**Task to complete:**
In the records below, the line with "Happy 100th Birthday, Stanley Coates" opens the range and the line with "SERAMİK DESEN TUNİK – Kadın | SANEM GİYİM" closes it; print that range exactly and nothing else.

Items listed in a dataset:
——

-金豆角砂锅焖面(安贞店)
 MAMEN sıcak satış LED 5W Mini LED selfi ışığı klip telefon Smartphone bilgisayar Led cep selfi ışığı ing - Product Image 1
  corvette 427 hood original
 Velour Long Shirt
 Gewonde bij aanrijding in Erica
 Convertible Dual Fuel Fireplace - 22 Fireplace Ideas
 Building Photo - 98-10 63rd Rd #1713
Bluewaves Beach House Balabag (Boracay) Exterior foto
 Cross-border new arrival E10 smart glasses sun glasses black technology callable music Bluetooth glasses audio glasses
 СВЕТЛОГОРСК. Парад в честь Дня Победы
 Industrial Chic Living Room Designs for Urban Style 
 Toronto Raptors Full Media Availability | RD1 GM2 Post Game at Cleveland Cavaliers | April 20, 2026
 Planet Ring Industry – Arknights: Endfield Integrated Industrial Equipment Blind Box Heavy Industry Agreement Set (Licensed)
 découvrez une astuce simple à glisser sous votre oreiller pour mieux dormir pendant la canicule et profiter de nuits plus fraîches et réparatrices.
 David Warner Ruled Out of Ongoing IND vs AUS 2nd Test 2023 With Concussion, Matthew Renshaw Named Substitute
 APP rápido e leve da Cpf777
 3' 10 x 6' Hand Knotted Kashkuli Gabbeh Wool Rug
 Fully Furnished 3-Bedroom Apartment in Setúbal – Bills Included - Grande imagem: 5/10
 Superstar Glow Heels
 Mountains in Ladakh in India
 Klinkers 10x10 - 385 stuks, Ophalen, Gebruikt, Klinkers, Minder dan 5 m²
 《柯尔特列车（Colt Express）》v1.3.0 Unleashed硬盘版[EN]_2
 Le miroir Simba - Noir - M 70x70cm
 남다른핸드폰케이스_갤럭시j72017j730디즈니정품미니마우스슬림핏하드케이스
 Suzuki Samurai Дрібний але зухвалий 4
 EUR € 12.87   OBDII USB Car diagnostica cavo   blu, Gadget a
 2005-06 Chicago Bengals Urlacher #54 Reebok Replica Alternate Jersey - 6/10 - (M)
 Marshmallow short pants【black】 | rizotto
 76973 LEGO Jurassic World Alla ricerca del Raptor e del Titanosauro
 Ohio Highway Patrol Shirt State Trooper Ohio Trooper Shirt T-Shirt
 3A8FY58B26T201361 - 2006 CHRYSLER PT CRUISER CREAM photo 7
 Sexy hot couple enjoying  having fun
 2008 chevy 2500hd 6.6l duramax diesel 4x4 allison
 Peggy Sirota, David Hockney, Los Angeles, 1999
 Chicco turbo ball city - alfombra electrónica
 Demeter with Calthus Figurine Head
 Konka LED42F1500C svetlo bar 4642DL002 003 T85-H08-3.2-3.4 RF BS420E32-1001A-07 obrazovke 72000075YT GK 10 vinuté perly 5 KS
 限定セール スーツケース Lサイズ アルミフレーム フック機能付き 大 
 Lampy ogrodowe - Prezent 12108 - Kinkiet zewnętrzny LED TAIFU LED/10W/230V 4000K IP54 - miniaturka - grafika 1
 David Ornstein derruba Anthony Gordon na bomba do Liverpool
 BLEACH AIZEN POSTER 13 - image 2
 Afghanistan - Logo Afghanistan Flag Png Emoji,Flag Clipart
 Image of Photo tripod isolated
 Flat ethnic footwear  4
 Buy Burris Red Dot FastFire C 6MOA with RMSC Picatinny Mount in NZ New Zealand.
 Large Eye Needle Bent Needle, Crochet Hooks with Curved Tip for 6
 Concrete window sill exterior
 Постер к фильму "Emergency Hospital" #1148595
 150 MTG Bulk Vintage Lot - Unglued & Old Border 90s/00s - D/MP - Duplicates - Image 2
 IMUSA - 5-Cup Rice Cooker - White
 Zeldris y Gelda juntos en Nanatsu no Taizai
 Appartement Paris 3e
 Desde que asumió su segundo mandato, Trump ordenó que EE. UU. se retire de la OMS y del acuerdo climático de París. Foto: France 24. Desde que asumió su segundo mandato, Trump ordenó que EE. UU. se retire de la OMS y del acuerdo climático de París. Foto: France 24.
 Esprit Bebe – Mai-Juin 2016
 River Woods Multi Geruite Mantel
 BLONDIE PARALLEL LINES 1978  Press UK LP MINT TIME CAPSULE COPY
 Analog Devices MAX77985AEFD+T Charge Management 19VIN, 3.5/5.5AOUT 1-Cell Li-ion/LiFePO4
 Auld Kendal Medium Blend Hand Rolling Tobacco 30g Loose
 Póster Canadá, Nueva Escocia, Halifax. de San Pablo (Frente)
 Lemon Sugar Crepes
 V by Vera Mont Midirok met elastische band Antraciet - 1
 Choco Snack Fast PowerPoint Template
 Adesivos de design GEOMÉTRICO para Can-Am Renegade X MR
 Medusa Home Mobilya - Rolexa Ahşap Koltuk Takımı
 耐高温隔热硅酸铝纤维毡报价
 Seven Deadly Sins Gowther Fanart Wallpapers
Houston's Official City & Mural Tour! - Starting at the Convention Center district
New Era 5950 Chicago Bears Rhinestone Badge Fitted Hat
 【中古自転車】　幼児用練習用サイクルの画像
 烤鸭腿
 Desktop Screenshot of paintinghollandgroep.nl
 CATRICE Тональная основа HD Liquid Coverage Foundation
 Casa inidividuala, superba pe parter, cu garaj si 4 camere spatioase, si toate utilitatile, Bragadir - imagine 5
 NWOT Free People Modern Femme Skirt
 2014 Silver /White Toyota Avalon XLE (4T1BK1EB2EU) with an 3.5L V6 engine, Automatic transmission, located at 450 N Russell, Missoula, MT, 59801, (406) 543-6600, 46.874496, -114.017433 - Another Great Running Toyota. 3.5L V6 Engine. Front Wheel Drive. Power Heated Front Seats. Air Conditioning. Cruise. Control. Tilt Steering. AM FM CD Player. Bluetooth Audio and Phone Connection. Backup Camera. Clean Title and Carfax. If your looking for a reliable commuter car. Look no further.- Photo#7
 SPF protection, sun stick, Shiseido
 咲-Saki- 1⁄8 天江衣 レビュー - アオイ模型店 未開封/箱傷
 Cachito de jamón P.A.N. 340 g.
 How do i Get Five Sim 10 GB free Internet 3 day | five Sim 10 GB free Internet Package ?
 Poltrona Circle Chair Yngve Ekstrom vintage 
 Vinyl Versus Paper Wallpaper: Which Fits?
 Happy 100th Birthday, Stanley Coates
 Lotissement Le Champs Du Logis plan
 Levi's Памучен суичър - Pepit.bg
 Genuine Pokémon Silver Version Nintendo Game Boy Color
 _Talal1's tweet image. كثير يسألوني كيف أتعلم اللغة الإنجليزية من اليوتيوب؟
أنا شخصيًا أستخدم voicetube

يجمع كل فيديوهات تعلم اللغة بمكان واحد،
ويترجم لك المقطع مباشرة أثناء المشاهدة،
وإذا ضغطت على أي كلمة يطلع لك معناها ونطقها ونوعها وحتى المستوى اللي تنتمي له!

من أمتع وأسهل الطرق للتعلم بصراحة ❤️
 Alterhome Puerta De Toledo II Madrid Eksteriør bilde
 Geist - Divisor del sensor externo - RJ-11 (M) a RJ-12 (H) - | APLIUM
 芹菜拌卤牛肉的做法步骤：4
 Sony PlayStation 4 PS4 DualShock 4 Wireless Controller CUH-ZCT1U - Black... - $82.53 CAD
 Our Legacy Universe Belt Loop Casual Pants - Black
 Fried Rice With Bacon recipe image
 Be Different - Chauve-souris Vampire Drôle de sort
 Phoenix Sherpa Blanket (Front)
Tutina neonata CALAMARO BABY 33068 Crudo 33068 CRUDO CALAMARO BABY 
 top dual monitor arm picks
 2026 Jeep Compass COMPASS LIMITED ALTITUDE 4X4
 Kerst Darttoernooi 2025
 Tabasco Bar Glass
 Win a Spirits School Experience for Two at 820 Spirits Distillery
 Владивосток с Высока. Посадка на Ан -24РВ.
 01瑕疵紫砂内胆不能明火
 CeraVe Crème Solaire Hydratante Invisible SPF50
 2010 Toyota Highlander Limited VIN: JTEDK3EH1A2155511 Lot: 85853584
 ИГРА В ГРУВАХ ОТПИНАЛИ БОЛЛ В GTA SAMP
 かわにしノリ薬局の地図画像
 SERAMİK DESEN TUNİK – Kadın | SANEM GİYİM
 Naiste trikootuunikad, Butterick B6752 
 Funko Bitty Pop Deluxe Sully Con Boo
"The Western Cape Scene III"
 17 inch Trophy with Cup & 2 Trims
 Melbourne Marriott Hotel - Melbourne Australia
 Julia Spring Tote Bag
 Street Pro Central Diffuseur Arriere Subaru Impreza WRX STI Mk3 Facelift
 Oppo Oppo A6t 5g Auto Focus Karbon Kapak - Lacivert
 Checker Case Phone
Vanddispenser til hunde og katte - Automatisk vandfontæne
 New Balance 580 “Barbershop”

——

**Response area:**
 Happy 100th Birthday, Stanley Coates
 Lotissement Le Champs Du Logis plan
 Levi's Памучен суичър - Pepit.bg
 Genuine Pokémon Silver Version Nintendo Game Boy Color
 _Talal1's tweet image. كثير يسألوني كيف أتعلم اللغة الإنجليزية من اليوتيوب؟
أنا شخصيًا أستخدم voicetube

يجمع كل فيديوهات تعلم اللغة بمكان واحد،
ويترجم لك المقطع مباشرة أثناء المشاهدة،
وإذا ضغطت على أي كلمة يطلع لك معناها ونطقها ونوعها وحتى المستوى اللي تنتمي له!

من أمتع وأسهل الطرق للتعلم بصراحة ❤️
 Alterhome Puerta De Toledo II Madrid Eksteriør bilde
 Geist - Divisor del sensor externo - RJ-11 (M) a RJ-12 (H) - | APLIUM
 芹菜拌卤牛肉的做法步骤：4
 Sony PlayStation 4 PS4 DualShock 4 Wireless Controller CUH-ZCT1U - Black... - $82.53 CAD
 Our Legacy Universe Belt Loop Casual Pants - Black
 Fried Rice With Bacon recipe image
 Be Different - Chauve-souris Vampire Drôle de sort
 Phoenix Sherpa Blanket (Front)
Tutina neonata CALAMARO BABY 33068 Crudo 33068 CRUDO CALAMARO BABY 
 top dual monitor arm picks
 2026 Jeep Compass COMPASS LIMITED ALTITUDE 4X4
 Kerst Darttoernooi 2025
 Tabasco Bar Glass
 Win a Spirits School Experience for Two at 820 Spirits Distillery
 Владивосток с Высока. Посадка на Ан -24РВ.
 01瑕疵紫砂内胆不能明火
 CeraVe Crème Solaire Hydratante Invisible SPF50
 2010 Toyota Highlander Limited VIN: JTEDK3EH1A2155511 Lot: 85853584
 ИГРА В ГРУВАХ ОТПИНАЛИ БОЛЛ В GTA SAMP
 かわにしノリ薬局の地図画像
 SERAMİK DESEN TUNİK – Kadın | SANEM GİYİM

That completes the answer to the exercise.